たったひとつの後悔
ヴェールの向こうから二人分の人影がふらりと現れた。信じられない光景にハリーは息をのんでそれをじっと見ていると、その人影はヴェールをくぐって帰ってくる。
「ハリー……っ」
ラミアとシリウスが続けて帰ってくる、先に出てきたシリウスがハリーに駆け寄り抱きしめ、ハリーもシリウスを抱きしめ返した。そしてその背後に視線をやれば、いつもの優し気な笑みをハリーに向けるラミアがいる。ハリーはラミアに笑い返し、震える口を開いた。
「ラミア、ありが……」
それを言い終える間もなく、視界からラミアが消える。レギュラスの悲痛な叫びが壁に響いた。
「ラミア…っ!」
倒れたラミアをレギュラス受け止め仰向けに転がす。ハリーも急いでラミアに寄りしゃがみ込んだ。真っ青になった顔にぞくりとしてその口元に手を添える。
「どうしよう! ラミアの呼吸が浅い……!」
咄嗟にとったその手は氷のように冷たく、ぴくりと動きもしない。

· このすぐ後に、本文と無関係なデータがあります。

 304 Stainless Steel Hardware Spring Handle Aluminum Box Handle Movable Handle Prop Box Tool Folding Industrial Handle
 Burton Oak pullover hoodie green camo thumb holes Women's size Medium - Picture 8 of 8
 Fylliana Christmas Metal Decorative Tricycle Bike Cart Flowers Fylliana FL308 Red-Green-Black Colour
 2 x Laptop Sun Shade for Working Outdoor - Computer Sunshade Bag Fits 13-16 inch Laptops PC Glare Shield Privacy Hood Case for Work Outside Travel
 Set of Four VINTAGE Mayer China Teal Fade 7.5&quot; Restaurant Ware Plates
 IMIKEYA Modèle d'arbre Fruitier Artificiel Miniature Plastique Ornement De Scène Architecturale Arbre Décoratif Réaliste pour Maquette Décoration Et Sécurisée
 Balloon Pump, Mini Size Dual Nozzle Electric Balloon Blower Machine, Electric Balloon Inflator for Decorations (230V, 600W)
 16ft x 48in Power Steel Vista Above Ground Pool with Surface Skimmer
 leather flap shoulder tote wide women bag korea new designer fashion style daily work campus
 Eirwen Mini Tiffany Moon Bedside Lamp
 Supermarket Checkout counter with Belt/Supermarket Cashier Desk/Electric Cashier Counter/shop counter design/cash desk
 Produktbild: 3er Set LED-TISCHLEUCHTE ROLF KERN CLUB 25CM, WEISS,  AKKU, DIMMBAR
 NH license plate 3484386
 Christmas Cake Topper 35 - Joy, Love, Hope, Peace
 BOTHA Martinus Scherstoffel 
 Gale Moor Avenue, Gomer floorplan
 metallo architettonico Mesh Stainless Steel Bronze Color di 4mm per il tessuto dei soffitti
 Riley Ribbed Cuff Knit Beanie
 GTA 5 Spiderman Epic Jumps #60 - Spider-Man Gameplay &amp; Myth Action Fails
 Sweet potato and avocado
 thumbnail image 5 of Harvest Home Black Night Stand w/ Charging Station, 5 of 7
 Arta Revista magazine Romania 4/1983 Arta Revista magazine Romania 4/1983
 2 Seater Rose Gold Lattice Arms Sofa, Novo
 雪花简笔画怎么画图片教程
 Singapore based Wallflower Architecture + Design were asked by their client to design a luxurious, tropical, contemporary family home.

胸に耳を当てて聞こえる音は、今にも消えてしまいそうだ。
「ラミア! ラミア!! 起きて!!」
覗き込み名前を呼んでいるのはハリーのみで、シリウスもレギュラスもルーピンも学生達も動けずマッドアイだけは目を背けた。「脳の間」は寒気がするほど静かで、ただ遠くで少しの魔法の音がするだけだ。ラミアとレギュラス、ハリーを中心にして、彼女の最期を看取ろうとする。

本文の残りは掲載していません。